Top of Dataset records

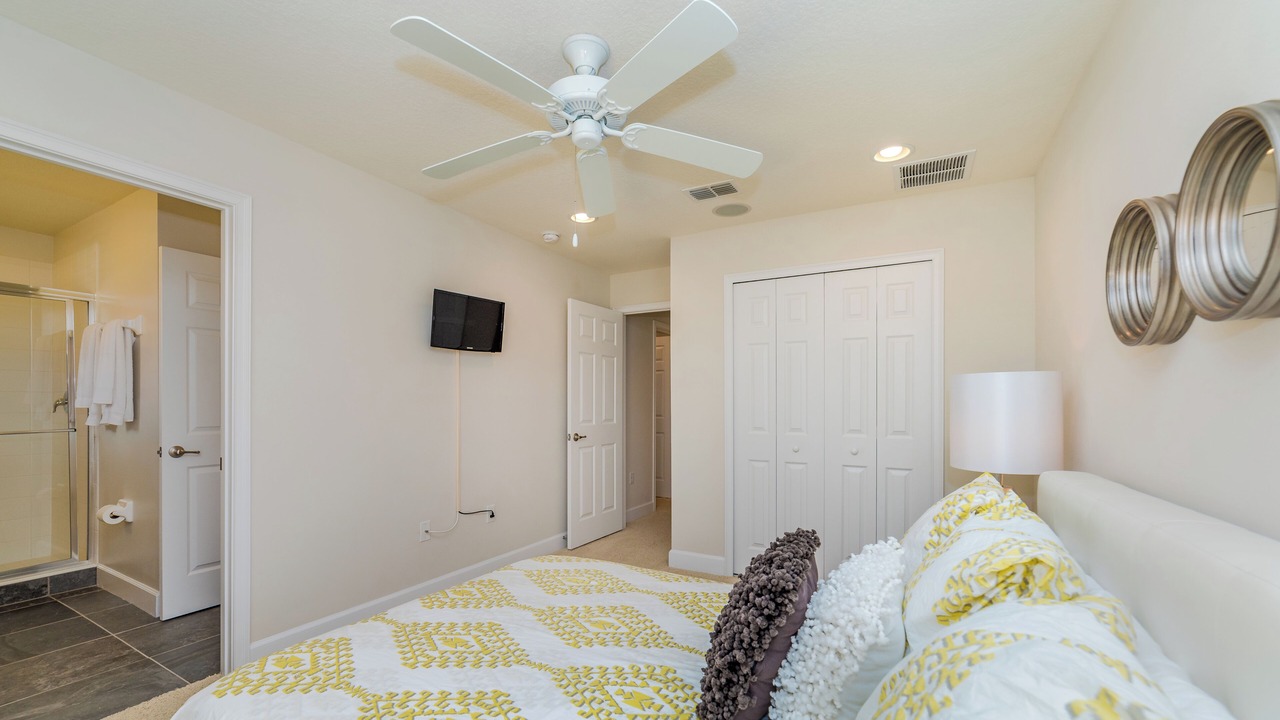 Photo of Bedroom in Watersong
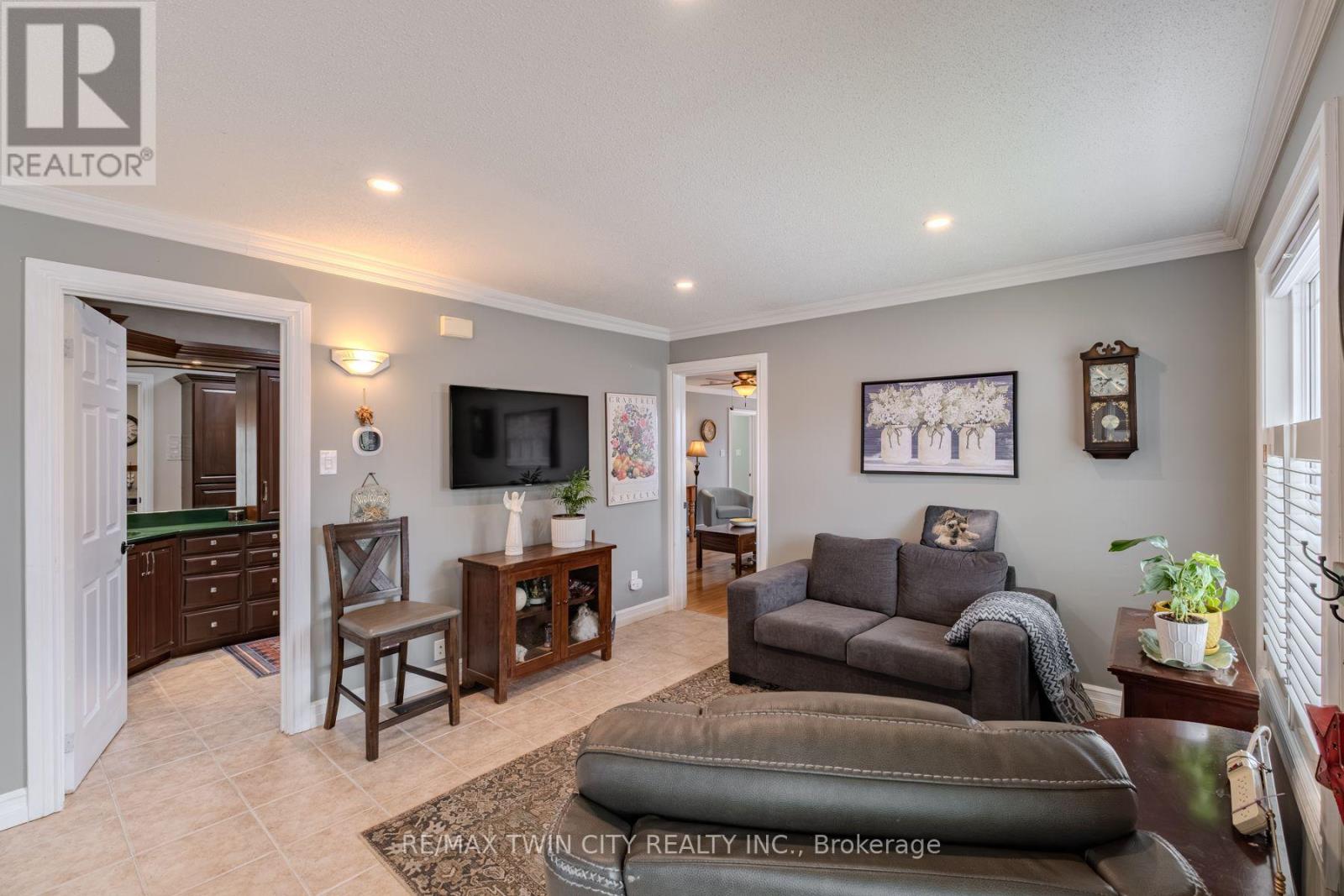 36 CRANDELL AVENUE - 14
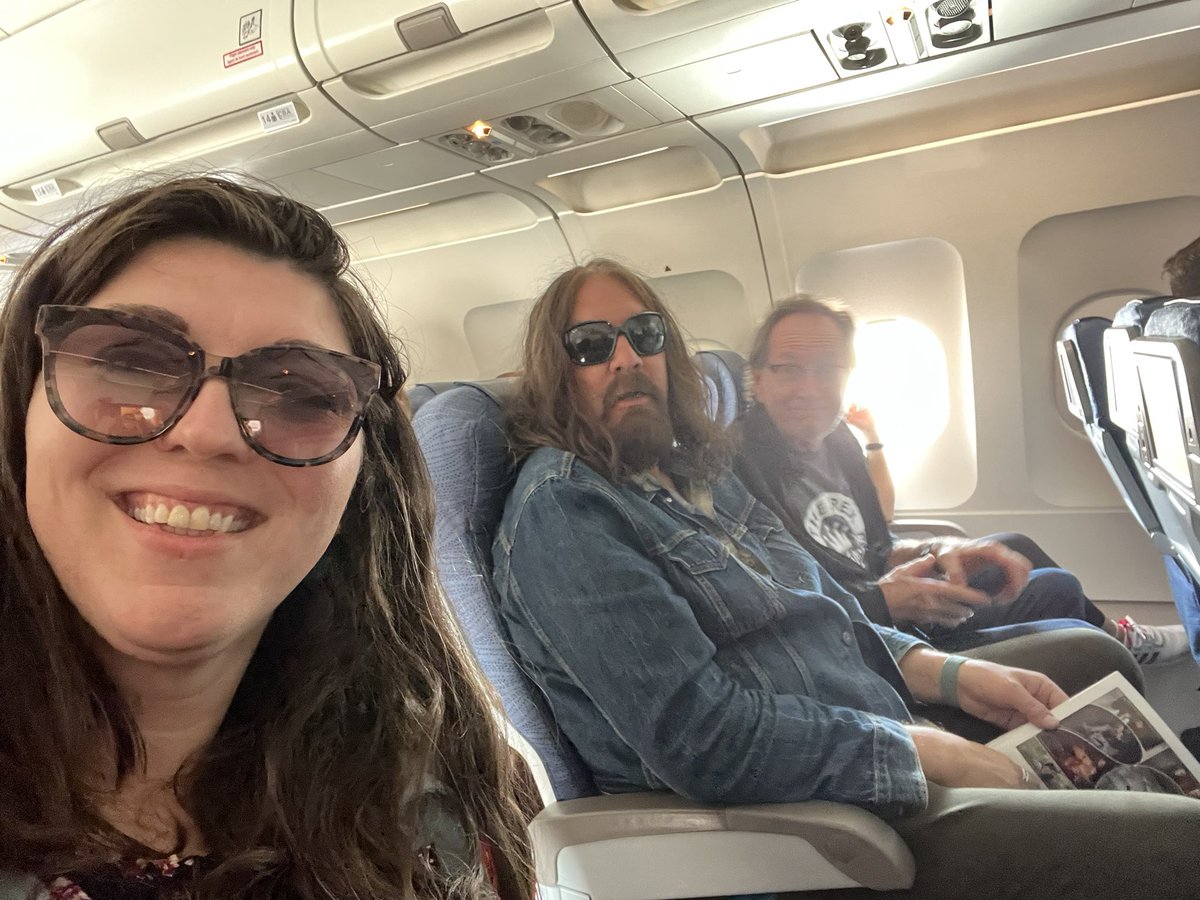 Off to @saskjazz with <a href="/therodeokings/">Blackie and the Rodeo Kings</a> and <a href="/daniellanois/">Daniel Lanois</a> ❤️🌸❤️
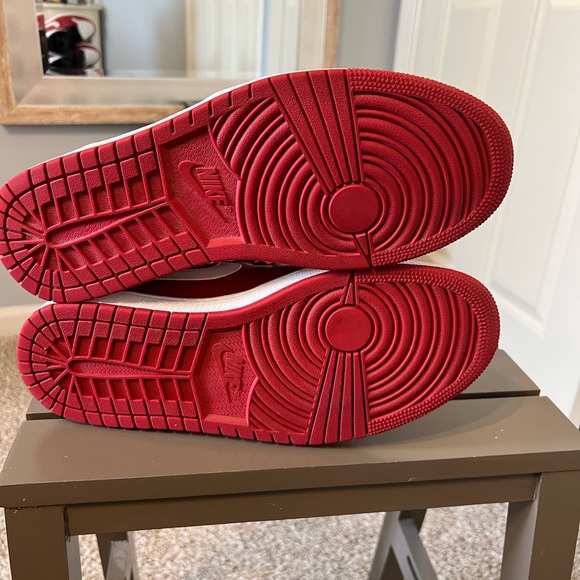 Air Jordan 1 Mid Chicago - Picture 8 of 9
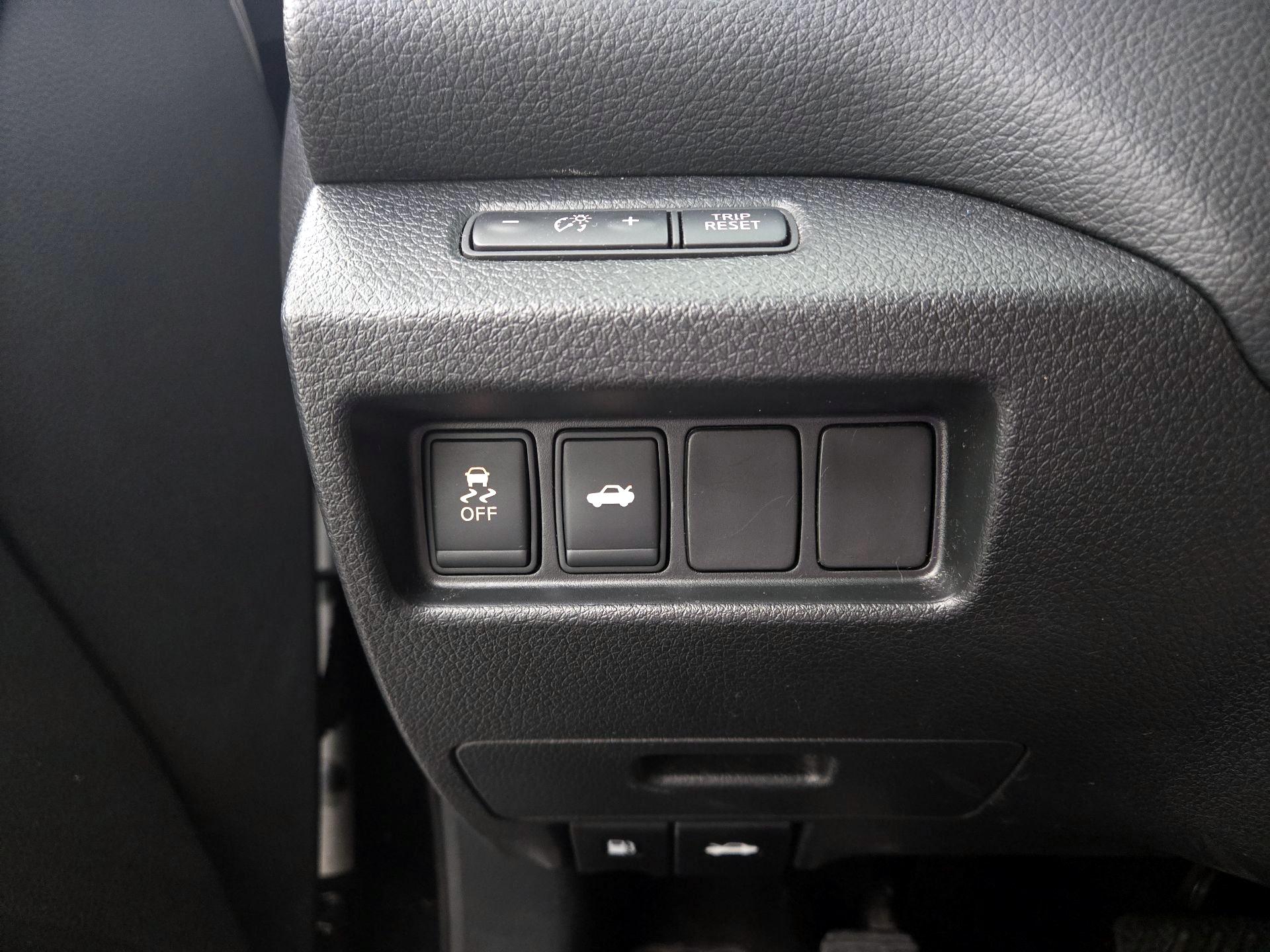 Thumbnail: 2015 Nissan Altima - 13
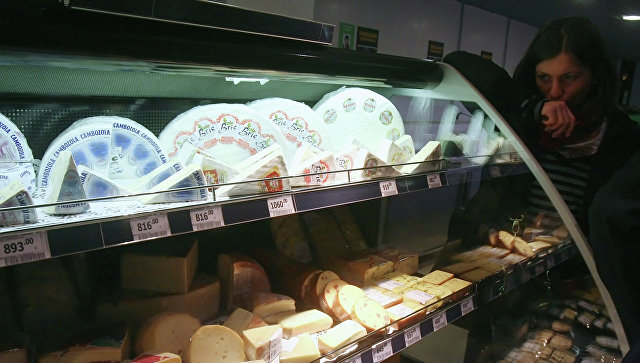 Продажа разных сортов сыра в одном из супермаркетов X5 Retail Group. Архивное фото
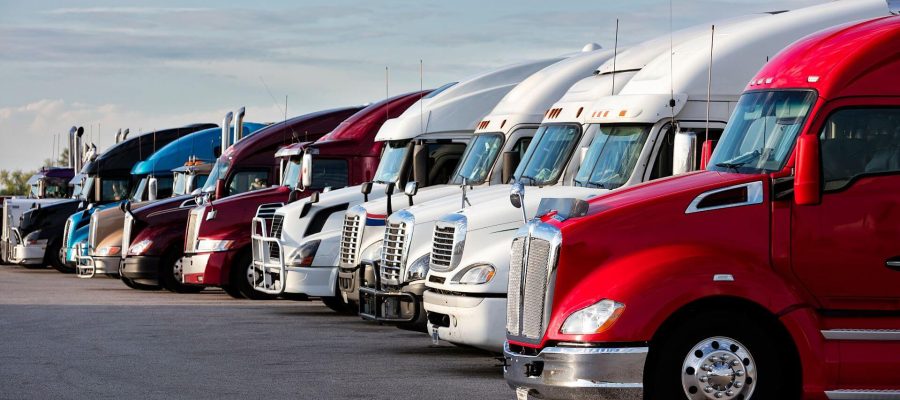 what-is-the-difference-between-a-Class-A-CDL-and-Class-B-CDL-banner-logos-logistics (1)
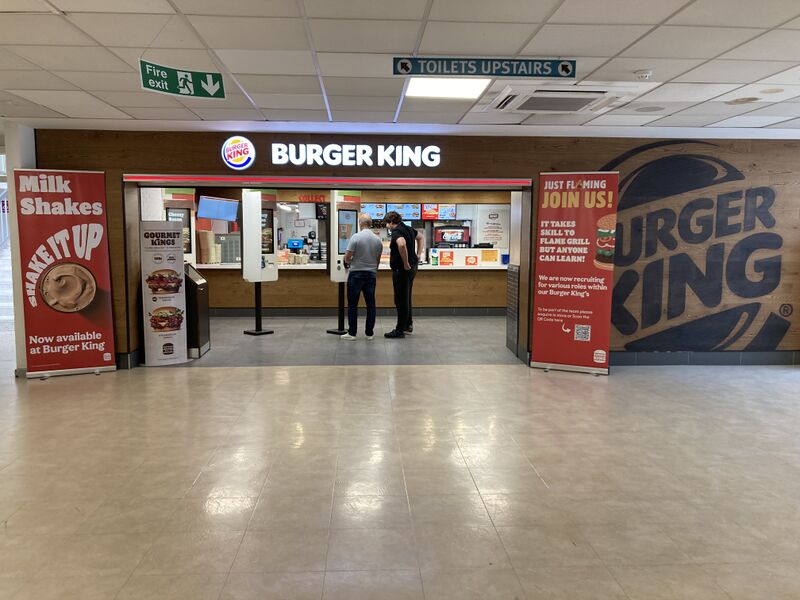 File:Burger King Hilton Park South 2022.jpg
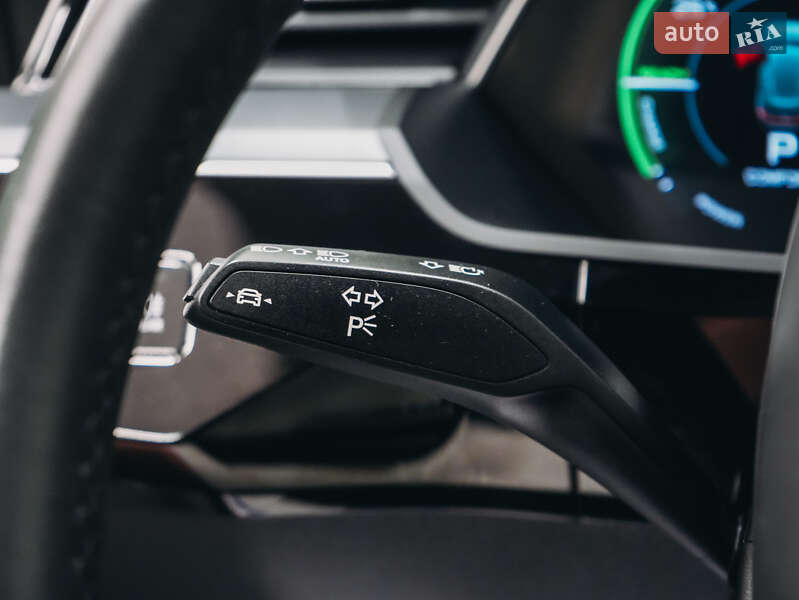 Внедорожник / Кроссовер Audi e-tron 2022 в Львове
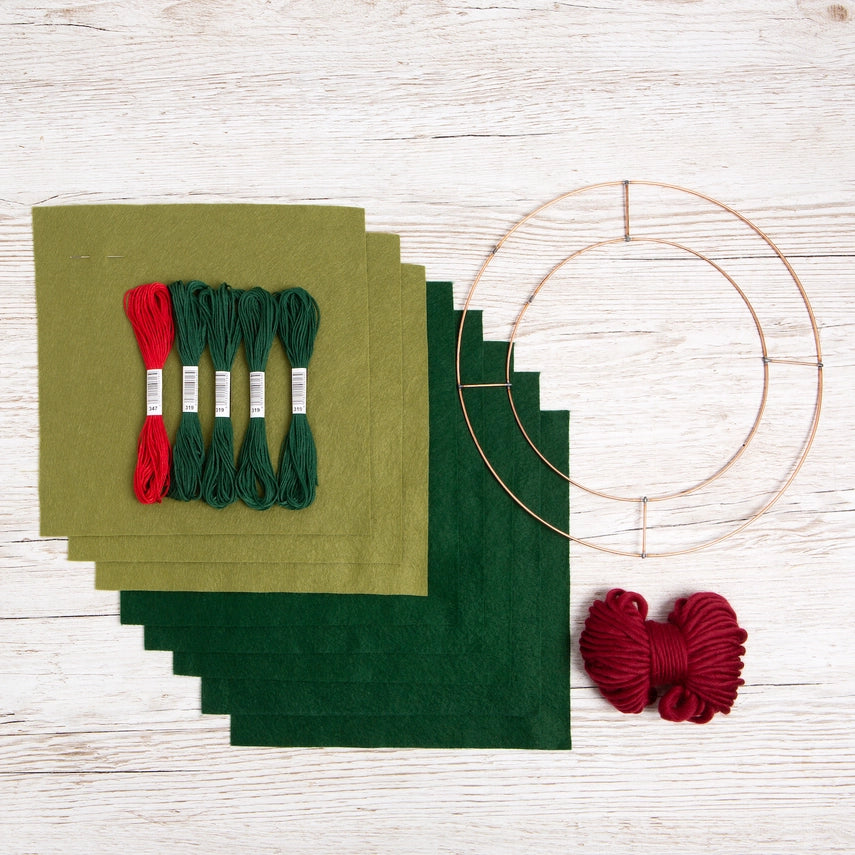 Wool Couture - Christmas Berry Wreath Felt Craft Kit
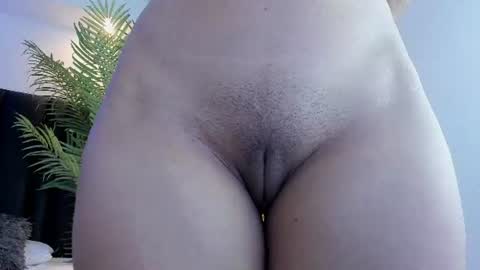 valeri_tafur online show from July 29, 1:18 pm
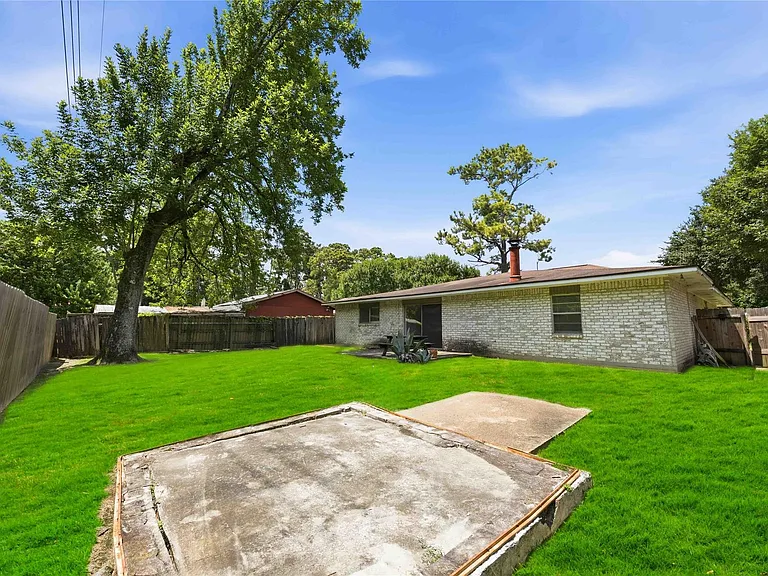 11006 Thackery Ln — Photo 25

Bottom of Dataset records

Would you copy out all the data exactly, without the images?

 Photo of Bedroom in Watersong
 36 CRANDELL AVENUE - 14
 Off to @saskjazz with <a href="/therodeokings/">Blackie and the Rodeo Kings</a> and <a href="/daniellanois/">Daniel Lanois</a> ❤️🌸❤️
 Air Jordan 1 Mid Chicago - Picture 8 of 9
 Thumbnail: 2015 Nissan Altima - 13
 Продажа разных сортов сыра в одном из супермаркетов X5 Retail Group. Архивное фото
 what-is-the-difference-between-a-Class-A-CDL-and-Class-B-CDL-banner-logos-logistics (1)
 File:Burger King Hilton Park South 2022.jpg
 Внедорожник / Кроссовер Audi e-tron 2022 в Львове
 Wool Couture - Christmas Berry Wreath Felt Craft Kit
 valeri_tafur online show from July 29, 1:18 pm
 11006 Thackery Ln — Photo 25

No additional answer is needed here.